Mark Twain and his cats [10 pictures] | 22 Words


----------



## Jakiepoo

Yeah, he was a cat fan, and I'm pretty sure the majority of his cats were plydactyl! He loved those extra toes.


----------



## Wannabe Catlady

Your thinking of Hemingway 


Sent from Petguide.com Free App


----------



## NebraskaCat

Mark Twain quotations - Cats


----------



## Wannabe Catlady

" Of all God's creatures there is only one that cannot be made the slave of the lash. That one is the cat. If man could be crossed with the cat it would improve man, but it would deteriorate the cat."

Favorite quote of his


Sent from Petguide.com Free App


----------



## tezster

I love that quote, especially the last bit


----------



## Marcia

I wonder if Royal Crown Cola ever gave royalties to Mark Twain?

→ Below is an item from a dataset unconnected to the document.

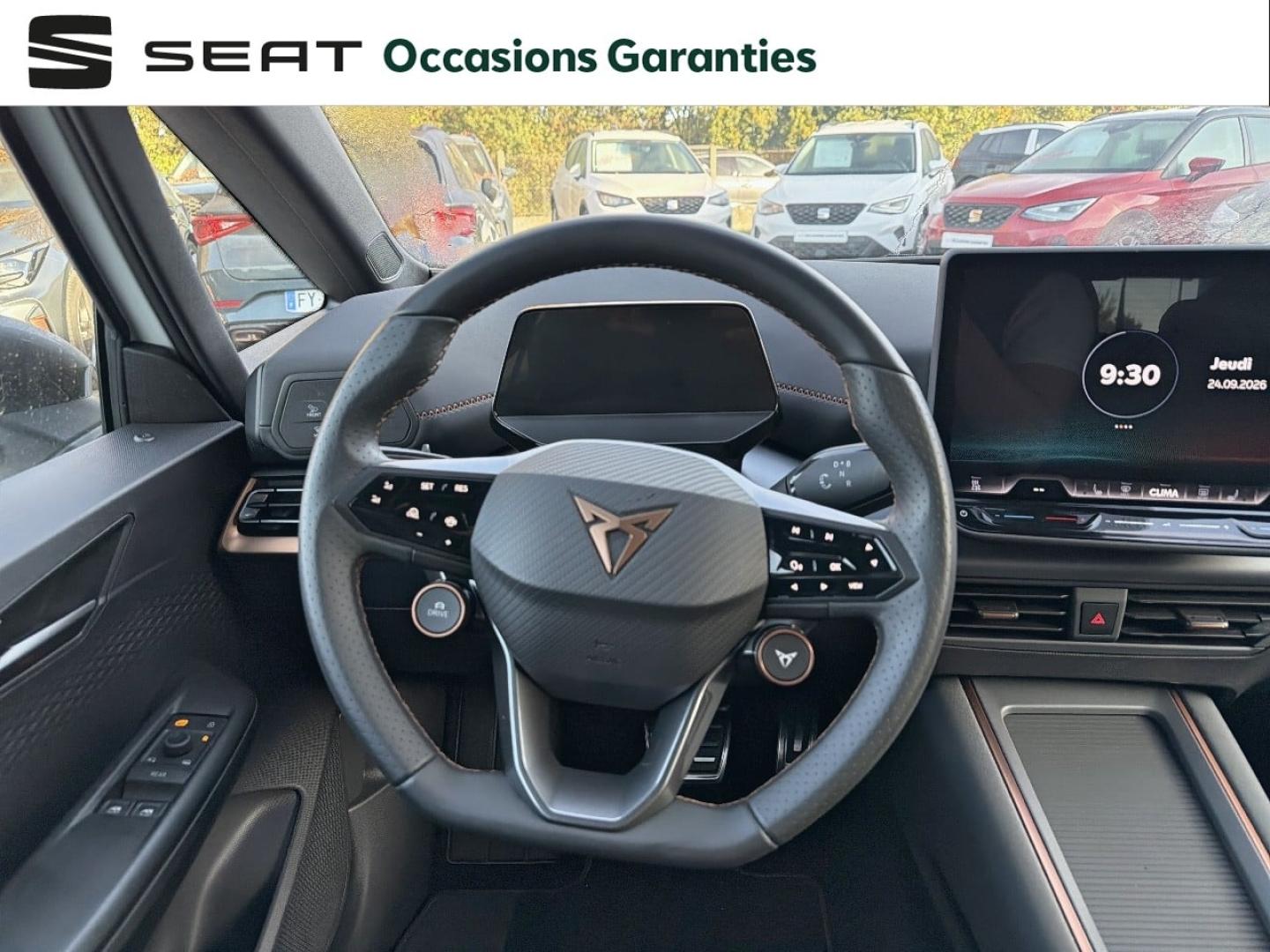 Voitures occasions CUPRA BORN V Vezin-le-Coquet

I used to live in the deep south here in the US and a favorite meal was "a pack of nabs and an RC cola". A pack of nabs were the cheese toasts that came in 6 packs.


----------



## Mitts & Tess

I love mark twain! Now even more, with seeing his love of cats. Very insightful man! I love his clever quips.


----------



## 10cats2dogs

Mark Twain is one of my all time favorites!


----------



## tghsmith

looking at some of photo's they do seem to be large footed, but noting that poly's were historic ship cats it seems no small stretch that a riverboat captain would have them.. hemingway was given his poly tom by a ship captain..


----------